Step-by-step explanation:
The question asks which subsets of 2-by-2 matrices (M₂₂) form a subspace of M₂₂. To determine if a subset is a subspace, it must satisfy three criteria: it must contain the zero matrix, be closed under addition, and be closed under scalar multiplication.
Out of the given subsets, the 2-by-2 upper triangular matrices, 2-by-2 skew symmetric matrices, and 2-by-2 matrices with Tr(A)=0 satisfy these criteria and thus are subspaces of M₂₂:
- The set of 2-by-2 upper triangular matrices includes the zero matrix, and the sum of any two upper triangular matrices as well as scalar multiples of an upper triangular matrix are still upper triangular.

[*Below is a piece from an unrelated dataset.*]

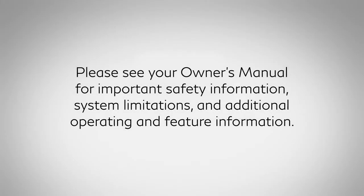Please see your owner's manual for important safety information, system limitations, and additional operating and feature information.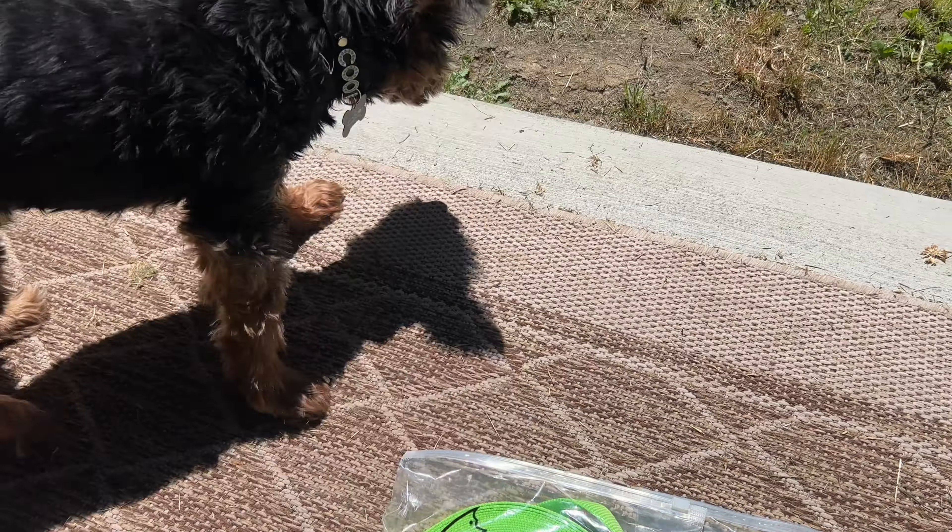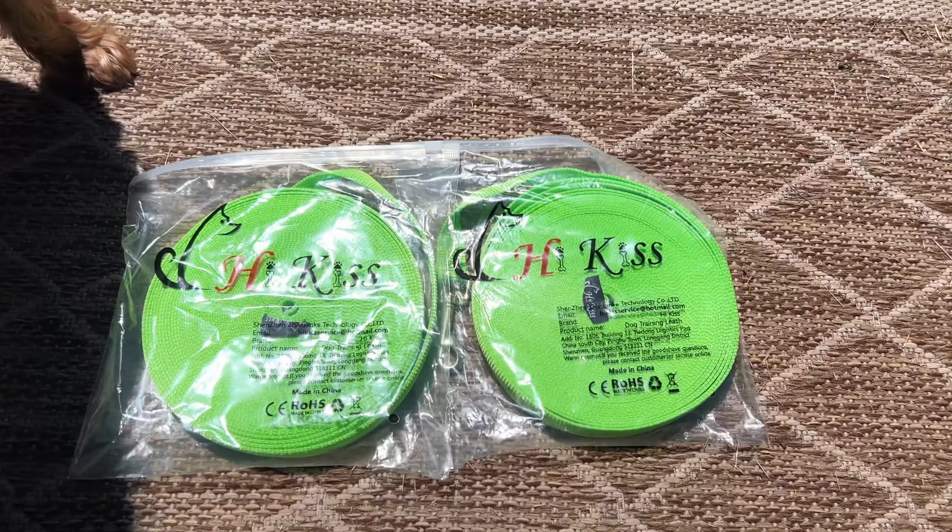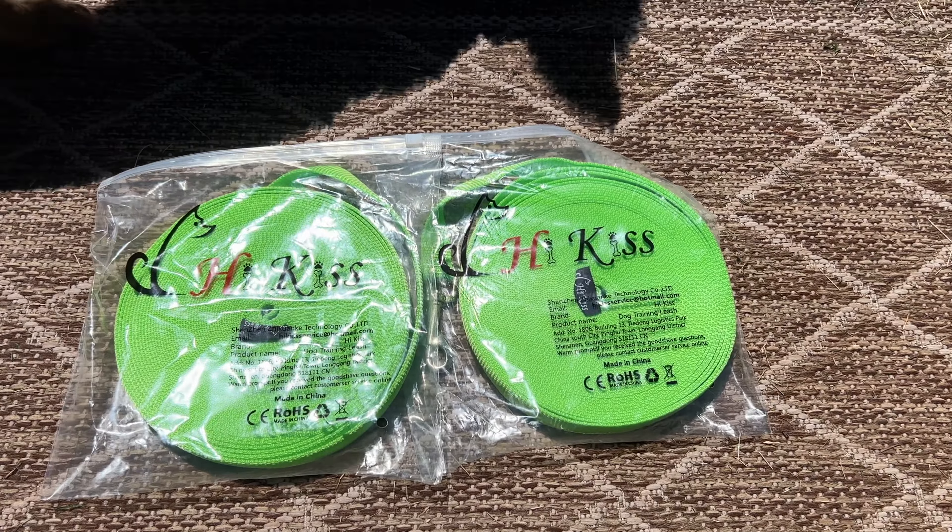This is the High Kiss 50-foot long training leash. I had to get it because this guy is really good at running away, even though the backyard is fully fenced. He can still fit under it because he's very small. I got two of them — I originally was going to get a 100-foot one, but this works out better because I can put one on both of them.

- 2-by-2 skew symmetric matrices form a subspace as they too include the zero matrix, and the sum and scalar multiples of skew symmetric matrices are skew symmetric.
- The set of 2-by-2 matrices with Tr(A)=0 is also a subspace since the trace is additive over matrix addition and is unaffected by scalar multiplication.
On the other hand, the sets of 2-by-2 invertible matrices, 2-by-2 singular matrices, 2-by-2 matrices A such that BA = 0₂₂ for a fixed matrix B, 2-by-2 matrices A such that A² = I₂, and 2-by-2 symmetric matrices do not satisfy all of the subspace criteria and are therefore not subspaces of M₂₂.